As I was looking through my emails this morning (I’m up early in anticipation of our trip from Porto to Lisbon and the logistics are on my mind), I stumbled on one response to the gang email about our friend’s passing that was directed solely to me. It was from a guy, Jim, who had worked for me for four years during my Latin American debt recovery days, but who had spent most of his career in the credit arena. I have more or less lost touch with the guy, but we still exchange holiday cards. He sent me a personal email telling me that 20 years ago he would have bet that the guy who had just died would have outlived me. He asked that I not take that the wrong way. How exactly does one not take that sort of comment the wrong way. There is only one way to take that. He thought that my physical condition made me a candidate for early death, right? Could there be any other way to take that comment? I suppose he might have wanted me not to think he hoped I would die young, but that wasn’t what he said, he just thought I would have died young. Do you suppose that made the little hairs on my neck stand out? Nope. No prickly neck there either. I am actually used to that expectation though not the verbalization or writing of it so much. I’m not sure that twenty years ago I would have bet on my own longevity either. Big dogs don’t last as long as little dogs most of the time. Its just a fact of life. But here I am, just finishing a motorcycle ride across 1,600 miles of northern Spain, no worse for wear.

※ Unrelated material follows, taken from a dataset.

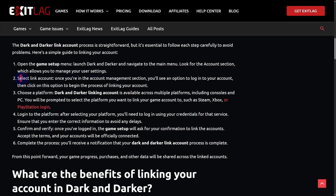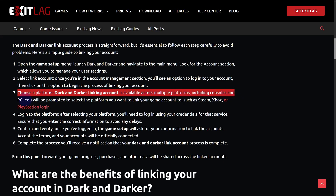Select 'Link Account' once you are in the account management. You will then be choosing the platform, as Dark and Darker account linkage is available across multiple platforms including consoles and PC. You will be prompted to select the platform you want to connect — for example, Steam — and then confirm the verification process.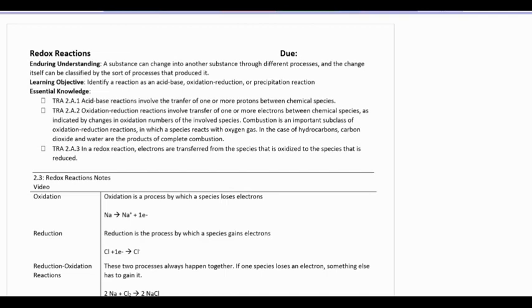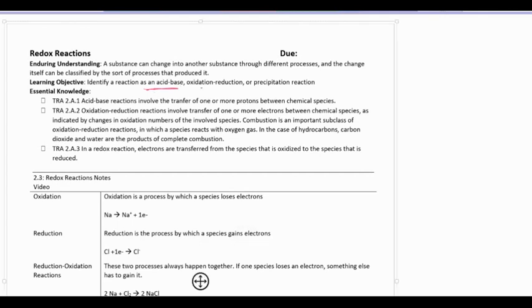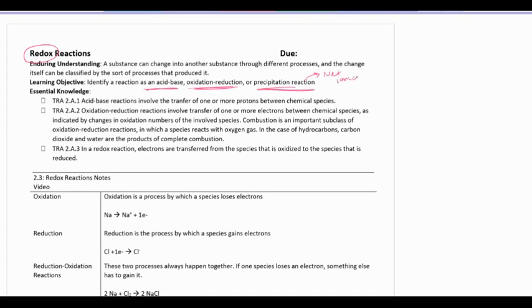We want to talk about one more type of reaction: the redox reaction. Redox reactions are something new, so we want to spend a few minutes on this separately. Our enduring understanding says that a substance can change into another substance through different processes, and the change can be identified by the sort of process that produces it. There are three types of reactions that the College Board might ask you to identify: acid-base, oxidation-reduction (redox), and precipitation reactions. Precipitation reactions are the ones we were writing net ionics for — those are double replacements that have a precipitate form, so you already know how to identify those.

What this event has done for me is to have me think about some of my old colleagues including Jim. They are the normal array of guys, some liberal and many conservative (I think conservatism kind of tends to come with the credit work territory). I had heard from another mutual friend that Jim leans very right now and is decidedly pro-Trump. As we near the 2022 mid-term elections in a few weeks, the flurry of articles and revelations about how the Republican Party is willing to throw over any semblance of right and wrong (as with Hirschel Walker and his antics and idiocy) just to win at all costs, I marvel at how my old friends and colleagues can possibly be on that side of the political agenda. But there you have it. THAT is the angel of death that makes the hair on my neck finally stand at attention and sure enough…I get a prickly neck at that specter.